Thoughts on regulating prosecutorial discretion
One of the many amazing lines in Judge Batallion’s amazing Huerta-Rodriguez opinion (basics here) was the statement that “[i]n this court’s experience, the Department of Justice does not always ‘charge and pursue the most readily provable’ (beyond a reasonable doubt) crime, especially in drug prosecutions, with the result of introducing more disparity in the system.” This assertion is especially interesting against the backdrop of the recent Comey memo (available here) which seeks to reiterate the prosecutorial obligation to pursue the most serious readily provable offense. It also brings to mind the finding of the US Sentencing Commission in its 15-year report that “significant evidence” suggests that “presentencing stages, such as charging and plea negotiation, … introduce disparity in sentencing.” (The full USSC 15-year report can be accessed here, its executive summary can be accessed here, and my summary of the executive summary is here.)
Of course, those of us in the ivory tower have long spotlighted that the inevitability and non-transparency of the exercise of prosecutorial discretion may be the Achilles Heel of efforts to control sentencing disparities. Helpfully, today I can report on two thoughtful efforts from the ivory tower to highlight possible ways to regulate the exercise of prosecutorial discretion.
First, my casebook co-author Ron Wright has posted a draft article on SSRN (which is to be published in the Columbia Law Review and flows from this recent conference) entitled “Sentencing Commissions as Provocateurs of Prosecutor Self-Regulation.” The article’s abstract and a download link is available here.
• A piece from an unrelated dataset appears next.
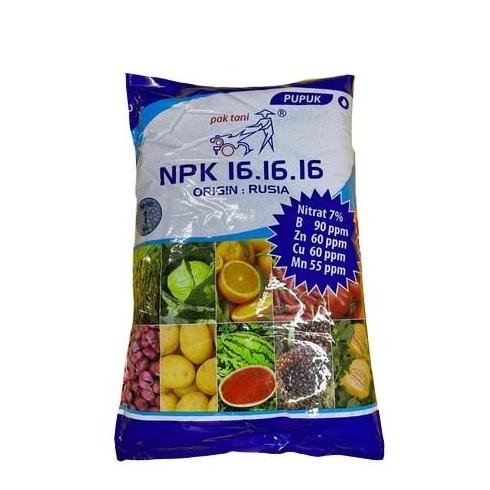 

Terlaris Pupuk Npk 16.16.16 Pak Tani (Origin:Rusia) 1Kg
As the abstract explains, Ron’s article examines “potential efforts by sentencing commissions to influence the work of prosecutors, especially the charges they select and the plea bargains they enter.”
Second, frequent FSR and blog contributor Mark Osler has written a piece for an upcoming symposium at Valparaiso Law School entitled “This Changes Everything: A Call For A Directive, Goal-Oriented Principle to Guide the Exercise of Discretion by Federal Prosecutors.” As Mark explains, the piece “recognizes the problem over-broad prosecutorial discretion in the federal system and proposes a solution: That the Attorney General direct federal prosecutors to make discretionary choices from a single guiding principle.” Specifically, Mark’s article, which can be downloaded below, suggests “that all discretionary choices be made with the conscious goal of reducing crime by focusing on the ‘key men’ amongst defendants, defining the key man as either a member of a crime network with special skills or a recidivist who poses a future danger.”